Four miles (six km) northeast of Folsom, near the east edge of State Road 456, near tiny 800-foot (244 m) high Emery Peak, is spring-fed Folsom Falls. From Folsom, 53-mile (86 km) long State Road 456 plays tag with the Dry Cimarron River. Thirty miles (49 km) out, look for the turnoff south onto State Road 370 and the nearby Travesser Creek Overlook above the Dry Cimarron River Valley. Farther east along State Road 456 are the distinctive Dakota Sandstone formations of Battleship and Wedding Cake.

Just before the Oklahoma state line, turn south on State Road 406. Fourteen miles (22 km) south is State Road 410. At that intersection, look northeast; the scars on the west slope of a distant hill are the wagon ruts of the famed Santa Fe Trail. Nine miles (15 km) farther south on State Road 406, near the Dust Bowl hamlet of Seneca, take a gravel county road west to a three-mile (five km) long segment of the Santa Fe Trail cutting across a portion of the wild Kiowa National Grassland. The 13-mile (21 km) gravel road also reaches paved State Road 370, just two miles (three km) north of the turnoff west to Clayton Lake State Park, where more than 500 dinosaur tracks of eight 100 million-year-old animals (among them three-toed, herbivorous ancestors of hadrosaurs or duck-billed dinosaurs; carnivorous theropods, ancestors of birds; and prehistoric crocodiles) await a half-mile hike to the dam's two-acre, Cretaceous Sandstone spillway. Discovered in 1982, it remains the largest cache of its kind in North America.

Rabbit Ear Mountains
Rabbit Ear Mountains

From there, note two nearby landmarks that were familiar to long-ago Santa Fe Trail merchants, the famed Rabbit Ear Mountains, four miles (six km) to the southeast, and Mount Dora, another shield volcano nine miles (14 km) to the west.
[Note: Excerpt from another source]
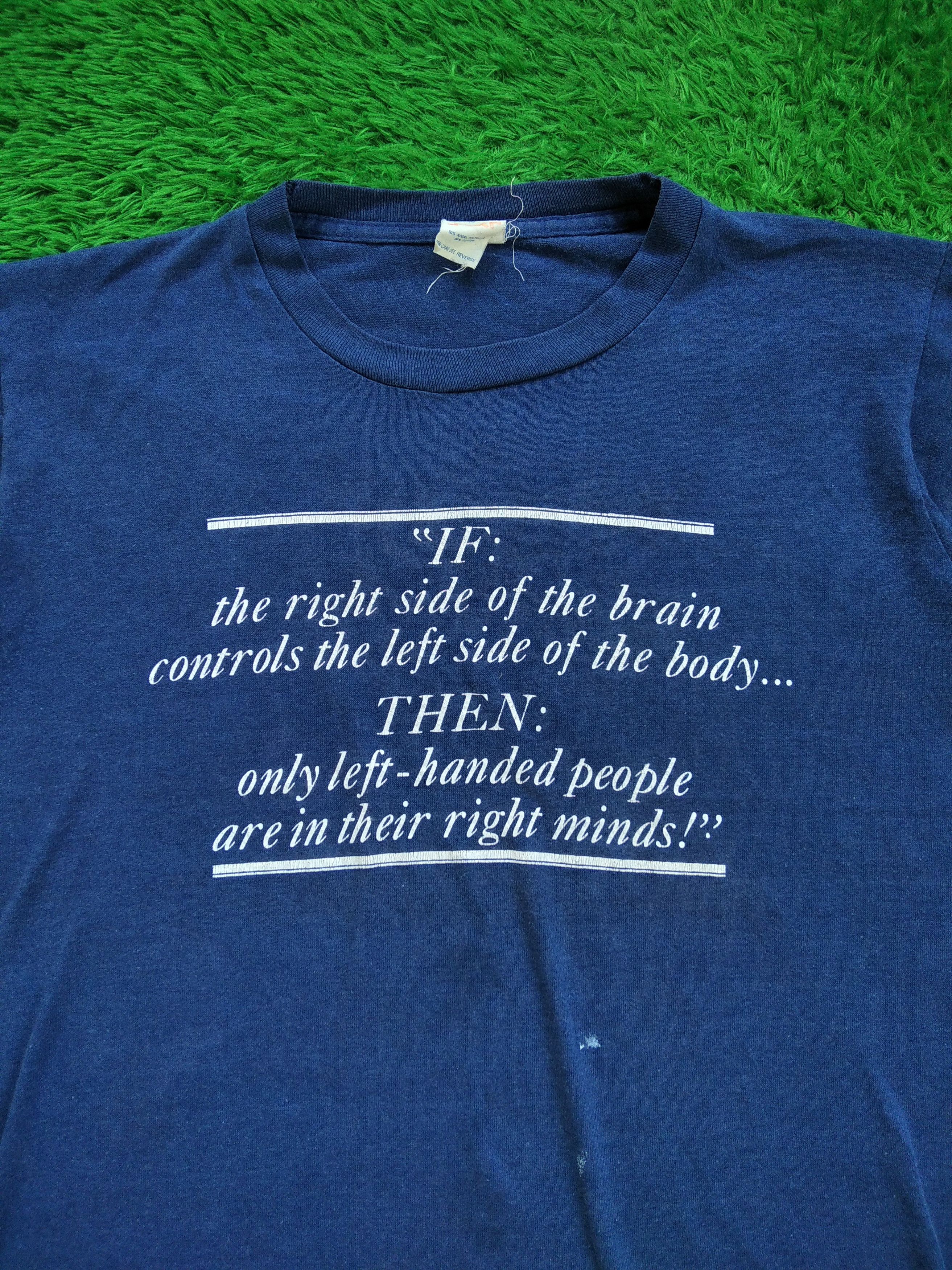 If Six Was Nine × Kapital Vintage 1980s Left Handed Brain Jokes Humor T Shirt Size US M / EU 48-50 / 2 - 3 Thumbnail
For local history in Clayton, visit the Herzstein Memorial Museum.

The byway, whose elevations range from 5,050 feet (1,540 meters) to 6,640 feet (2,025 m), can be done in a two-day, two-night trek, using the 83 miles (134 km) of U.S. Highway 64/87 (and saving a visit to Clayton Lake State Park) for the return leg the second day.

Gas, food, and lodging abound in Raton in Clayton. In between there are gas stations in Capulin and Des Moines, and a café in Des Moines.